Liebe Schwestern und Brüder, „Ihr werdet die Kraft des Heiligen Geistes empfangen,
der auf euch herabkommen wird; und ihr werdet meine Zeugen sein in Jerusalem und in
ganz Judäa und Samarien und bis an die Grenzen der Erde“ (Apg 1,8). Mit diesen Worten
verabschiedet Jesus sich von den Aposteln, so wie wir es in der ersten Lesung gehört
haben. Sofort danach, fügt der heilige Autor an, „wurde er vor ihren Augen emporgehoben,
und eine Wolke nahm ihn auf und entzog ihn ihren Blicken“ (Apg 1,9). Dies ist das
Geheimnis der Himmelfahrt, das wir heute feiern. Aber was wollen die Bibel und die
Liturgie mitteilen, wenn sie sagen „er wurde emporgehoben“? Den Sinn dieses Ausdrucks
versteht man nicht aus einem einzigen Text heraus, auch nicht aus der Lektüre eines
einzigen Buches des Neuen Testamentes, sondern im aufmerksamen Hören der ganzen Heiligen
Schrift. Die Verwendung des Wortes „emporheben“ ist in der Tat alttestamentlichen
Ursprungs und bezieht sich auf das Einsetzen des Königtums. Die Himmelfahrt Christi
bedeutet also in erster Linie die Einsetzung des gekreuzigten und auferstandenen Menschensohns
in der Königsherrschaft Gottes über die Welt. Doch es gibt einen tieferen, nicht
sofort wahrnehmbaren Sinn. In der Apostelgeschichte heißt es zunächst „er wurde emporgehoben“
(V.9), erst dann wird hinzugefügt „in den Himmel aufgenommen“ (V.11). Das Ereignis
wird nicht wie eine Reise in die Höhe beschrieben, sondern vielmehr als mächtige Tat
Gottes, der Jesus in die Sphären der Göttlichkeit aufnimmt.

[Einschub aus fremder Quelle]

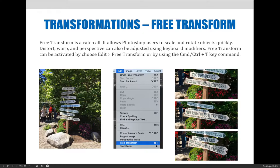To use Free Transform, choose the Edit menu and then simply choose Free Transform. All other options are under Edit > Transform, where there's a list to choose from. You can also use the Command or Control-T keyboard shortcut to activate Free Transform quickly. In this example, I made a selection of where it says 'Kids Rainforest Explorer,' duplicated it for non-destructive editing, and used Free Transform to make it bigger or rotate it in a different direction.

Die Gegenwart der Wolke,
die ihn „ihren Blicken entzog“ (V.9), erinnert an ein altes Bild aus der Theologie
des Alten Testaments und fügt die Erzählung von der Himmelfahrt in die Geschichte
Gottes mit Israel ein, von der Wolke am Sinai und über dem Zelt des Bundes in der
Wüste bis zur leuchtenden Wolke über dem Berg der Verklärung. Den Herrn in eine Wolke
gehüllt zu präsentieren, beschwört endgültig das Geheimnis herauf, das in dem Symbolismus
„zur Rechten des Vaters sitzen“ ausgedrückt wird. Im in den Himmel aufgefahrenen Christus
ist der Mensch auf unerhörte und neue Weise in die Gegenwart Gottes eingetreten; der
Mensch findet nun für immer Raum bei Gott. Der „Himmel“ ist nicht mehr ein Ort über
den Sternen, sondern etwas viel Gewagteres und Erhabeneres: Er gibt Christus selbst
an, die Göttliche Person die voll und ganz und für immer die Menschheit annimmt; ihn,
in dem Gott und Mensch für immer untrennbar vereint sind. Wir nähern uns dem Himmel,
ja gehen sogar hinein, in dem Maß, indem wir uns Jesus nähern und mit ihm in Gemeinschaft
treten. Deshalb lädt uns das heutige Fest Christi Himmelfahrt zu einer tiefen Gemeinschaft
mit dem gestorbenen und auferstandenen Jesus ein, der auf unsichtbare Weise im Leben
eines jeden von uns gegenwärtig ist. Auf diese Weise verstehen wir, warum der
Evangelist Lukas festhält, dass nach der Auferstehung die Jünger „in großer Freude“
(Lk 24,52) nach Jerusalem zurückkehren. Der Grund ihrer Freude liegt in der Tatsache
begründet, dass das, was sich eben ereignet hatte, keine wirkliche Trennung war. Sie
hatten vielmehr die Gewissheit gewonnen, dass der Gekreuzigte und Auferstandene wirklich
lebte, und dass in ihm die Pforten zum Ewigen Leben der Menschheit für immer aufgestoßen
worden waren. In anderen Worten, seine Himmelfahrt bedeutete nicht seine vorübergehende
Abwesenheit in der Welt, sondern eröffnete vielmehr die neue, endgültige und ununterdrückbare
Form seiner ruhmreichen Gegenwart – kraft seiner Teilhabe an der königlichen Macht
Gottes. Und es war gerade die Aufgabe der Jünger, gestärkt durch die Macht des Heiligen
Geistes, diese Gegenwart mit ihrem Zeugnis, ihrer Predigt und ihrem missionarischen
Einsatz erfahrbar zu machen. Das Fest der Himmelfahrt müsste auch uns mit Freude und
Enthusiasmus erfüllen, so wie die Apostel vom Ölberg „in großer Freude“ aufbrechen.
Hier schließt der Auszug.